Tradita, smembrata, svuotata sono le sensazioni che mi tengono compagnia. Ho pianto tutte le lacrime a disposizione, ho il viso che probabilmente ha un solco, il gusto salato delle mie lacrime mi tiene compagnia e l’unico pensiero presente nella mia testa è: “non sento lo stesso vuoto”, “questo vuoto non è così straziante”, “probabilmente è giusto così!” .

Quando Vittorio mi ha raccontato di aver trascorso la sera precedente con un’altra, la mia reazione è stata paradossale, ho voluto conoscere ogni istante e mentre mi raccontava delle farfalle nello stomaco, la mia mente continuava a ripetere: “il brivido della mano sulla schiena lo conosco bene, sicuramente è un grande amore” le uniche parole proferite dalla mia bocca furono: “si tratta di Nadia” lui guardandomi stupito mi rispose: “ come fai a saperlo?”, “sensazioni, sensazioni è basta, sono felice del vostro grande amore vai!”.

In meno di due giorni, si svuota l’appartamento è oggi a distanza di una settimana mi ritrovo sola, nel mio letto, la sensazione di freddo entra nel mio stomaco e non riesco a far altro che pensare al brivido, Vittorio, una storia tra tante, litigiosa, fastidiosa e incompatibile alla ricerca di quel brivido provato un istante tanti anni prima.

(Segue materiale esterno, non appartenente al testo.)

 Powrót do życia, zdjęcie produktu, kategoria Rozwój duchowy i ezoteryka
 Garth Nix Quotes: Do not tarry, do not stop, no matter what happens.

Come è possibile che un brivido durato un istante e prolungato per un anno nella mia adolescenza continui a interferire nella mia vita in maniera così costante, questa è la domanda che continua a ronzarmi nella testa, sento il vuoto ma un vuoto che qualcuno qualche anno prima di Vittorio ha lasciato indelebile nella memoria corporale, da allora non credo di essere abbastanza e mi accompagno con qualcuno alla ricerca del pieno che non è nient altro che vuoto.

Il freddo continua a far parte di me, l’altra metà del letto è vuota e sono indecisa se vivermi il vuoto fino in fondo o alzarmi da questo maledetto letto e costruire qualcosa, una domanda che non si ripete ma rimane stampata nella mia mente, prende forma e assume colore, è il retropensiero che sta nella mia mente e guida queste giornate è semplicemente una: “Chi sono io?”, mi ritrovo superati i venticinque anni a pormi la stessa identica domanda, questa si ripresenta ogni volta che chiudo la porta a una relazione, mi domando come mai sistematicamente sono alla ricerca di qualcuno che riempia il mio vuoto, cambio le mie abitudini, la mia vita e poi…perdo me stessa.

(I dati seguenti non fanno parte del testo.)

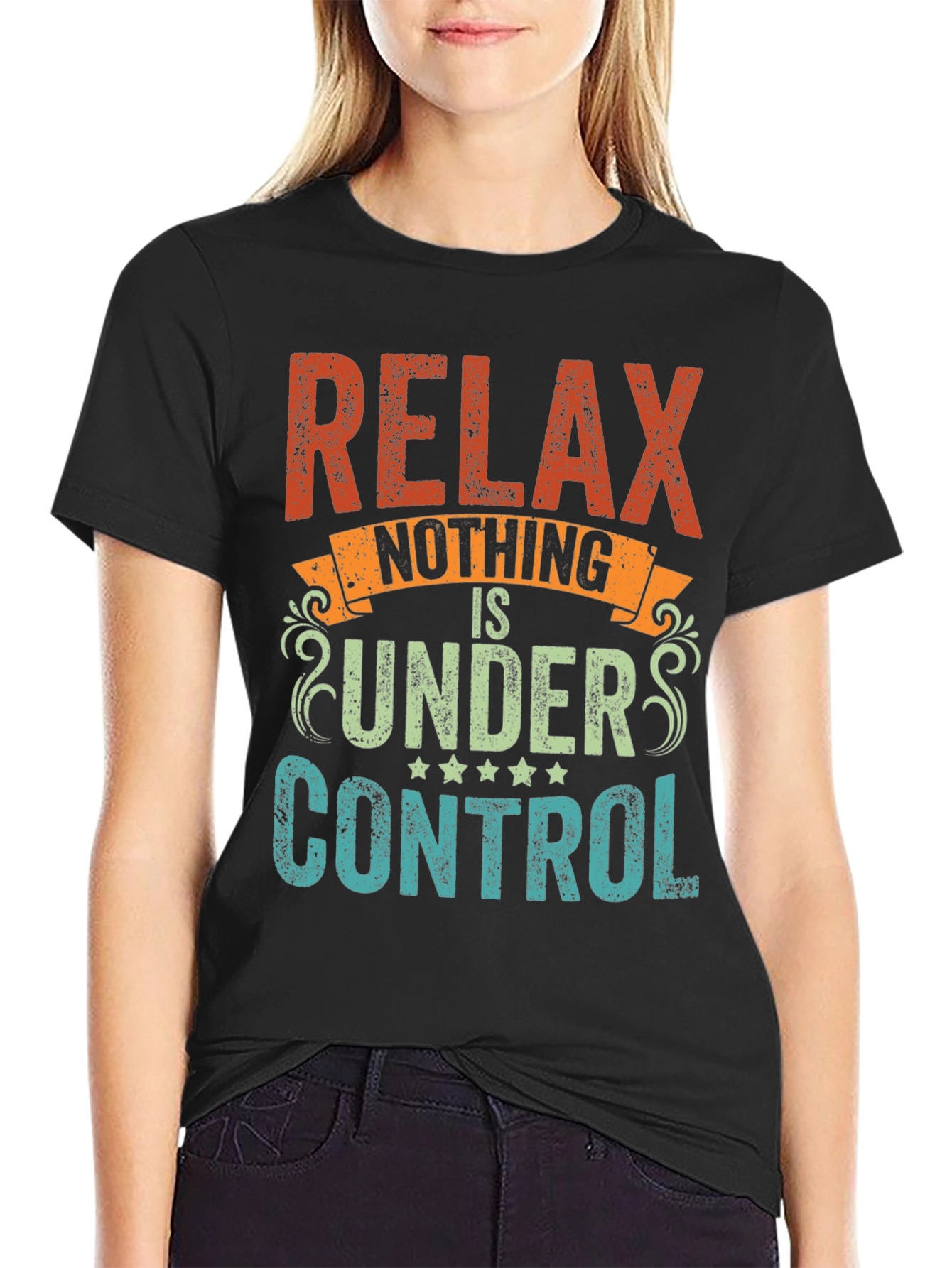 Black Relax Nothing Is Under Control Funny Slogan T-Shirt view 2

Non sono mai riuscita a far durare una relazione più di un anno e mezzo. Tutti mi dicono sei giovane, ma alla fine cosa mi interessa, giovane o no, ho il tempo di scadenza un po come nelle merendine o nei cibi, trascorso il tempo necessario accade qualcosa per cui tutto va a “puttane” e io ripeto le mie domande, i miei schemi e sono sempre ferma nello stesso punto.